All of the patients included in this study required two or more rounds of surgery and needed initial debridement; the majority of the patients required a ray amputation (Table 3). Two patients needed reverse radial forearm flaps; in both cases, the two flaps suffered from partial necrosis but did not require further intervention. One patient required multiple ascending amputations to control fulminant hand sepsis, although this wound eventually healed following a below-elbow amputation.

Figure 1: Fulminant diabetic infection of the right hand with gangrene of the middle finger

Figure 2: Same patient following debridement, ray amputation of the middle finger and flap cover for the dorsal hand defect. Note metacarpophalangeal joint stiffness

Four patients died during the study. The causes of death were end-stage renal impairment (3 patients) and overwhelming septicaemia (in 1 patient). The evaluation of early functional outcome at 3 months showed that only 4 patients had returned to their premorbid occupation.

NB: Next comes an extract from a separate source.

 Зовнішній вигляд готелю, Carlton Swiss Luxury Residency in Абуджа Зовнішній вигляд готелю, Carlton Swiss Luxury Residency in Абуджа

There was universal residual stiffness in all patients, particularly at the metacarpophalangeal joint. All patients with single digit amputations that did not involve the thumb believed that they had coped well with activities of daily living but admitted to significant interphalangeal joint stiffness in the adjacent digits.

Discussion

The occurrence of hand infections in patients with diabetes mellitus has been well documented in literature from the western world6. However, the occurrence of aggressively destructive hand infections in tropical countries is a relatively recent finding7,8. We sought determine the outcomes of this condition following surgical intervention. Our present study population was dominated by females; this is interesting as this concurs with previous literature from African countries9,10. Conversely, several previous reports from Asian countries have reported male dominance11. These observations are believed to be due to the fact that in many African communities, women make up the majority of the manual labour work force as opposed to men in Southwest China and India11,12. Consequently, African females are more likely to suffer minor hand trauma that could predispose these individuals to infections. The mean duration of diabetes prior to the presentation of hand infection was 4.7±1.7 years in our patients. This was shorter than that described in most other reports; for example, 5.3 years in Southwest China, 7.0 years in South India and 8.2 years in Turkey11–13. This finding might be related to poor compliance with medications during the early stages of the disease following diagnosis. This is further reinforced by the fact that 11 of our 21 patients presented within 1 year of diagnosis.

While many researchers have reported amputation rates ranging from 13.9% in Northern Nigeria to 16% in Sudan and Hong Kong14–16, two-thirds of our present cohort of patients presented with gangrene (digits in 13 patients and the hand in 1 patient), thus necessitating digit or forearm amputations. This could be explained by late presentation as over half of our patients presented with overt gangrene. The late presentation is most probably due to low levels of education regarding diabetic infections and poor awareness of the potential severity of diabetic hand infections among primary healthcare providers. Limited access to healthcare facilities, on account of cost issues, creates further delays in patients receiving prompt surgical intervention. Moreover, several of our patients may have  delayed consent to surgery due to fear of limb loss.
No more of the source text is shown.